Action item:
Return all of the data below verbatim and exclude every picture.

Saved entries
Segment Open

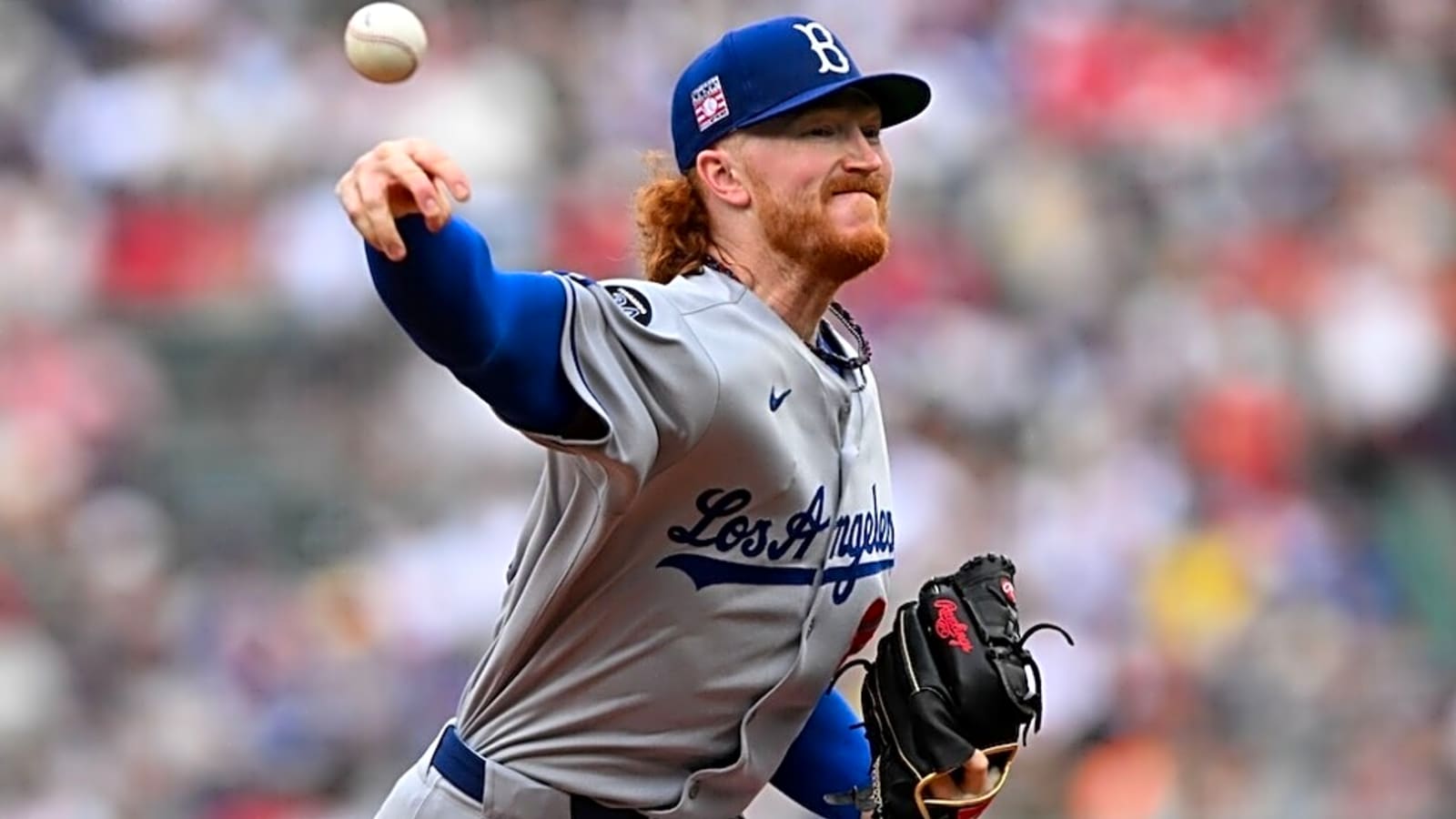  Dustin May Being Scouted For Potential Trade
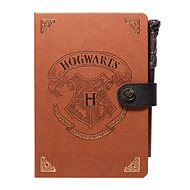 Notizbuch Harry Potter - Hogwarts - Notizbuch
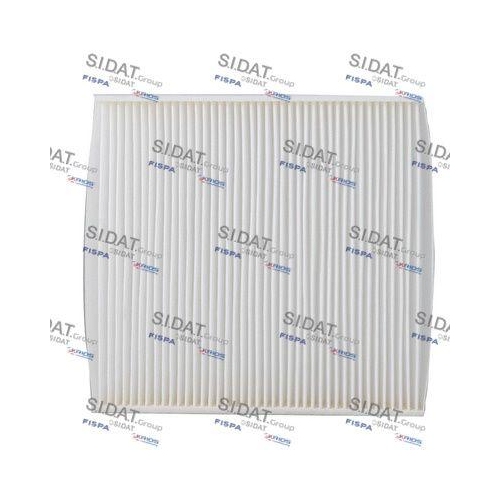 Filter Innenraumluft Sidat 928 f&uuml;r Nissan Renault Dacia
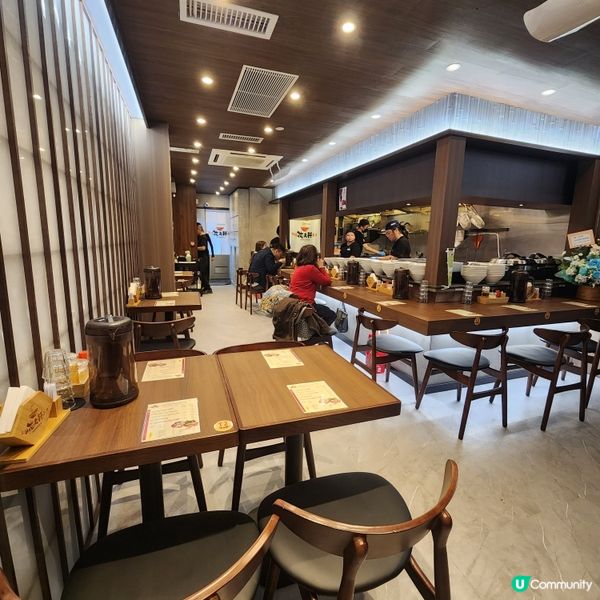 大阪花丸軒登陸香港！座落中環開張啦🍜🎉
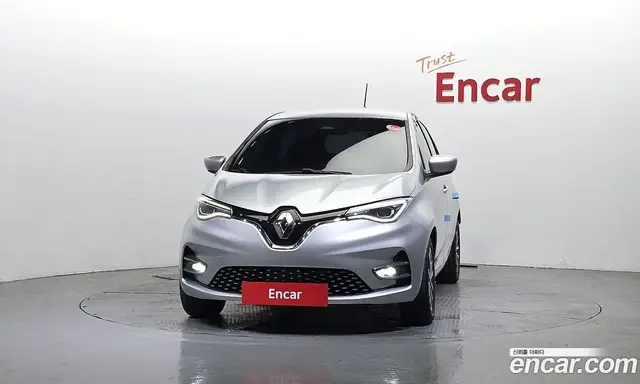 Renault (Samsung) Zoe 2021 0.2 автомат (гидро), миниатюра 3
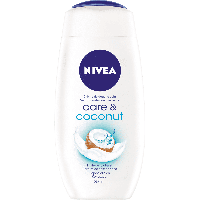 Nivea Nivea Coconut Cream Douchecrème 250 mL - thumbnail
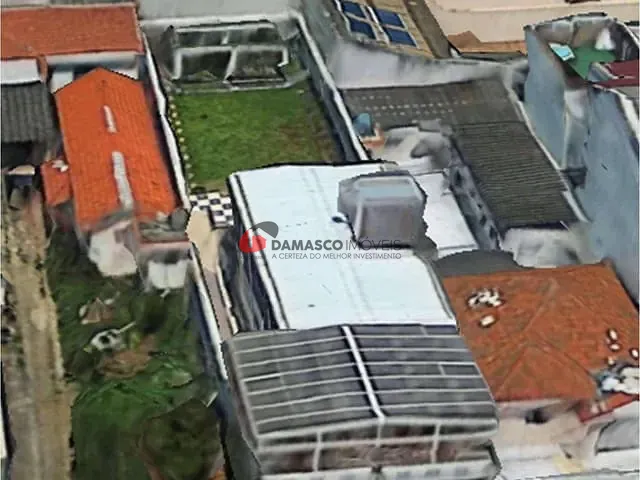 Prédio com 450m², para alugar, no bairro Campestre em Santo André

Segment Closed

Task response:
  Dustin May Being Scouted For Potential Trade
 Notizbuch Harry Potter - Hogwarts - Notizbuch
 Filter Innenraumluft Sidat 928 f&uuml;r Nissan Renault Dacia
 大阪花丸軒登陸香港！座落中環開張啦🍜🎉
 Renault (Samsung) Zoe 2021 0.2 автомат (гидро), миниатюра 3
 Nivea Nivea Coconut Cream Douchecrème 250 mL - thumbnail
 Prédio com 450m², para alugar, no bairro Campestre em Santo André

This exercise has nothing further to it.